Ferenczy might strike it lucky if Collier could give him something to go on, but until Stella made her move, the Albanian was useless. So Collier had decided to pursue his own line of inquiry. He’d been checking on her house every day, on the way to work, on the way home from work and at random times during the day when he could snatch a half hour between meetings. Even at the weekends, though his wife had started complaining and he’d had to invent a series of increasingly desperate lies to account for his lateness for social events or shopping trips she’d planned.

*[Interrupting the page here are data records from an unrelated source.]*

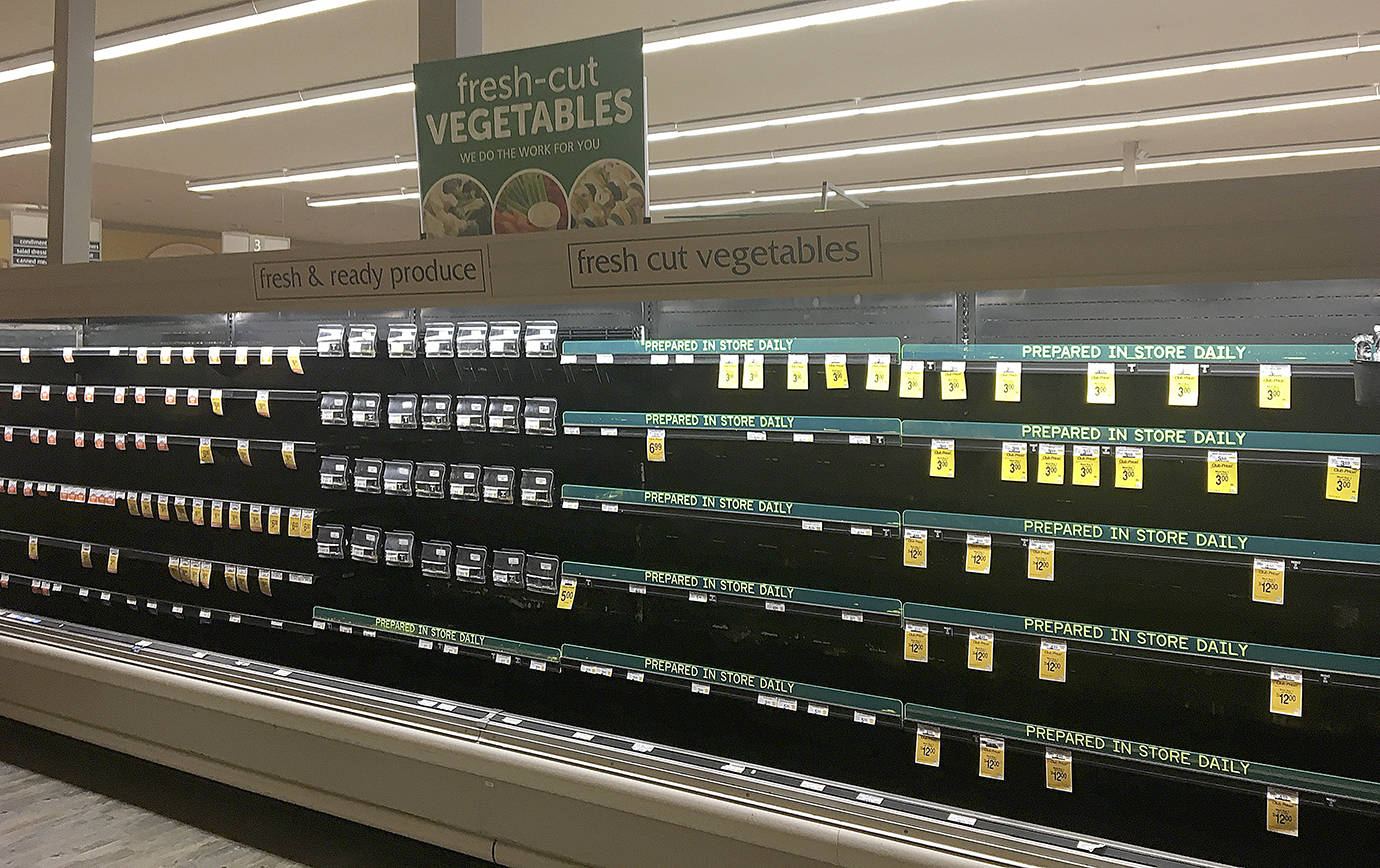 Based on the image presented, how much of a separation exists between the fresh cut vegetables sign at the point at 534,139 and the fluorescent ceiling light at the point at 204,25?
455 cm

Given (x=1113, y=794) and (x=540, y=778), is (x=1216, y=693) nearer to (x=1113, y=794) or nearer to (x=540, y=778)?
(x=1113, y=794)

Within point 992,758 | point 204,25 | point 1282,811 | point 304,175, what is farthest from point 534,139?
point 304,175

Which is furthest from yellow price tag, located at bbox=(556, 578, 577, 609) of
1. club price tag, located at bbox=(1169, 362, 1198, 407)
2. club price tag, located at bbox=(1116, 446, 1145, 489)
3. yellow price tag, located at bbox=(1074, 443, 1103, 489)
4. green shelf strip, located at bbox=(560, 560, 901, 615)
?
club price tag, located at bbox=(1169, 362, 1198, 407)

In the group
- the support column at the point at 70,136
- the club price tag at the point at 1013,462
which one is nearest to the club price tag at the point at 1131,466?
the club price tag at the point at 1013,462

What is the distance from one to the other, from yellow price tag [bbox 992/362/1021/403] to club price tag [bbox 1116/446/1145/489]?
0.30 m

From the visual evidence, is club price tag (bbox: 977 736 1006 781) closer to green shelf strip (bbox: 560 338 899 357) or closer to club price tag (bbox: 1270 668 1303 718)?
club price tag (bbox: 1270 668 1303 718)

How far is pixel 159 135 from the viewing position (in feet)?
36.8

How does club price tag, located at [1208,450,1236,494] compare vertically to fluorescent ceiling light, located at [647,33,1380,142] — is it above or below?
below

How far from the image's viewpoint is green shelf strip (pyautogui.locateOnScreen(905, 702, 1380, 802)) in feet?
7.50

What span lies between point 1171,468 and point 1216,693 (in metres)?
0.57

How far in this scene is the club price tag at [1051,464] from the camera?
8.32ft

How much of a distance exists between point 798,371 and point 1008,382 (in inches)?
23.4

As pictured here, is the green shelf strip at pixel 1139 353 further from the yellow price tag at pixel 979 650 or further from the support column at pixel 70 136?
the support column at pixel 70 136

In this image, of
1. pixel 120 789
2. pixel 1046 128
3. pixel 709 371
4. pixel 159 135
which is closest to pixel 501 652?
pixel 709 371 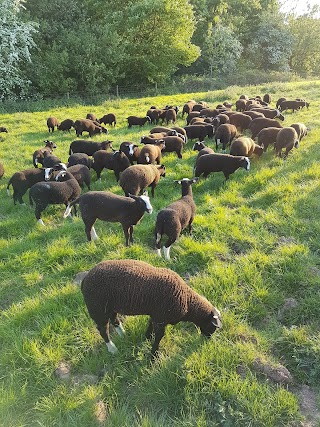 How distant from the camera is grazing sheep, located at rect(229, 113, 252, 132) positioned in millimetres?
13711

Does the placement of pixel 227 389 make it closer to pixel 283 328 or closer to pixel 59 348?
pixel 283 328

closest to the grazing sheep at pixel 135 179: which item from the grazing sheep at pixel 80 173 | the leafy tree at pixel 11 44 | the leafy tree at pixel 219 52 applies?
the grazing sheep at pixel 80 173

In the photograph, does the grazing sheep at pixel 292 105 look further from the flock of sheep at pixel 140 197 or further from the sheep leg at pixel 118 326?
the sheep leg at pixel 118 326

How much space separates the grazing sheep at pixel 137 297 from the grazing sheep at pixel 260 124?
10.5m

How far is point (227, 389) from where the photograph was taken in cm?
347

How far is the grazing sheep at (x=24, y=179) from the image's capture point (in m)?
8.38

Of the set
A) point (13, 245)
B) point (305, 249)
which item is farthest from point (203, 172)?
point (13, 245)

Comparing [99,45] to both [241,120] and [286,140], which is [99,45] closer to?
[241,120]

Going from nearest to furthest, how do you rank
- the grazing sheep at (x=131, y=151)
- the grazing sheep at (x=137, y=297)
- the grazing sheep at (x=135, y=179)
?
the grazing sheep at (x=137, y=297), the grazing sheep at (x=135, y=179), the grazing sheep at (x=131, y=151)

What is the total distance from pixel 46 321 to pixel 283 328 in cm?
310

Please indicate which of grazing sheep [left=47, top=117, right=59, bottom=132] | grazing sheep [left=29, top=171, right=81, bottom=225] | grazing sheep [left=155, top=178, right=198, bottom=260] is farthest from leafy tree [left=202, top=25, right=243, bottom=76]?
grazing sheep [left=155, top=178, right=198, bottom=260]

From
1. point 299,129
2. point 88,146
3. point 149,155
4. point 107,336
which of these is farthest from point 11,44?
point 107,336

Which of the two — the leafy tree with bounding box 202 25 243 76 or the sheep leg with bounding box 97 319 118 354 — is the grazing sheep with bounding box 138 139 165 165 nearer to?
the sheep leg with bounding box 97 319 118 354

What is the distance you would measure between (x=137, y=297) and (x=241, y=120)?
1165 cm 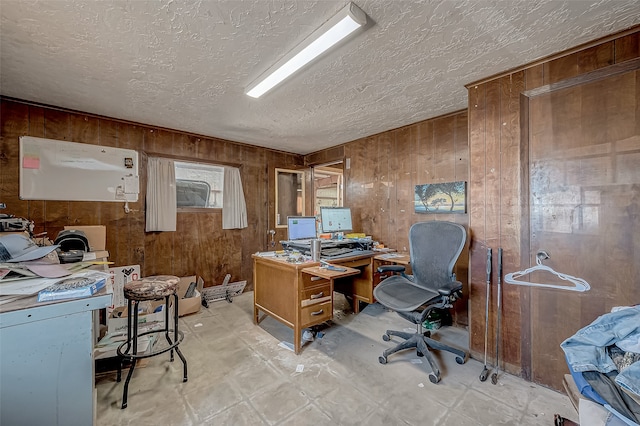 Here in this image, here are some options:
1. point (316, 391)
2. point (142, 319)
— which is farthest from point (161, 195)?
point (316, 391)

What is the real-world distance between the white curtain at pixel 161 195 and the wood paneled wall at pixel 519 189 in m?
3.73

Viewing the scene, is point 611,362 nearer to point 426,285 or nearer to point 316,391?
point 426,285

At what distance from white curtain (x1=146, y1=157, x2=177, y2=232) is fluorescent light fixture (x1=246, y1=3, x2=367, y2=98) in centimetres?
197

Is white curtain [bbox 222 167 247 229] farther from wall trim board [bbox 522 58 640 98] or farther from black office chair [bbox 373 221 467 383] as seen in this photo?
wall trim board [bbox 522 58 640 98]

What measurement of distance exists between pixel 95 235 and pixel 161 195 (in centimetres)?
89

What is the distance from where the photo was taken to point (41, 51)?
1.88 metres

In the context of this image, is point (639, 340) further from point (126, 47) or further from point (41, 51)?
point (41, 51)

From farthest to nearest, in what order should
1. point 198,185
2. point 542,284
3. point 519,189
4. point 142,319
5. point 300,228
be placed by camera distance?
1. point 198,185
2. point 300,228
3. point 142,319
4. point 519,189
5. point 542,284

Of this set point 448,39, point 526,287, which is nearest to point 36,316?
point 448,39

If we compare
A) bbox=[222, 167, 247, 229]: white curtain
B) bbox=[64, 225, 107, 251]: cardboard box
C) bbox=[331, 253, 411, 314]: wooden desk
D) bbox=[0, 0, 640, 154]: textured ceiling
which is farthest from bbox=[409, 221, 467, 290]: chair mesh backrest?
bbox=[64, 225, 107, 251]: cardboard box

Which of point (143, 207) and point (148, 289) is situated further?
point (143, 207)

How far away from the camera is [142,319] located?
2.52m

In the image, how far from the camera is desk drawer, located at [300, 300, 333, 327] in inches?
96.3

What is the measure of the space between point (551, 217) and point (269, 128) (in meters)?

Grimacing, he got out of his car, a grey metallic Audi A6 saloon, looked both ways on Ulysses Road, and crossed the street. He felt faintly ridiculous in dark glasses and a baseball cap, like some comic-book secret agent, but he knew it was enough to distract any well-meaning member of the public who might see him. Eyewitnesses were notoriously unreliable, and he’d worked plenty of cases where suspects had been identified as black, white, tall, short, wearing a blue suit or a black tracksuit. Before driving over to West Hampstead, he’d gone home and changed from his customary charcoal-grey suit into a pair of jeans and a navy sweatshirt, the sort of outfit that would lose him among thousands of similarly dressed men. There wasn’t much he could do about his height, but he was limping and keeping his left foot turned in: something he’d seen in a movie.
At the end of the street, he turned left into Ajax Road and then left again into Ulysses Road. The street was sleeping in the mid-afternoon spring sunshine. Apart from a blackbird tootling away in the fluffy pink blossom of a flowering cherry tree, the road was silent. In the distance, he could hear traffic hum from the Kilburn High Road. Both sides of the narrow street were cluttered with parked cars. He supposed that whatever spaces were left by residents who drove to work were quickly filled by workers driving into the area, either to jobs in the neighbourhood or so they could use one of the tube or overground stations.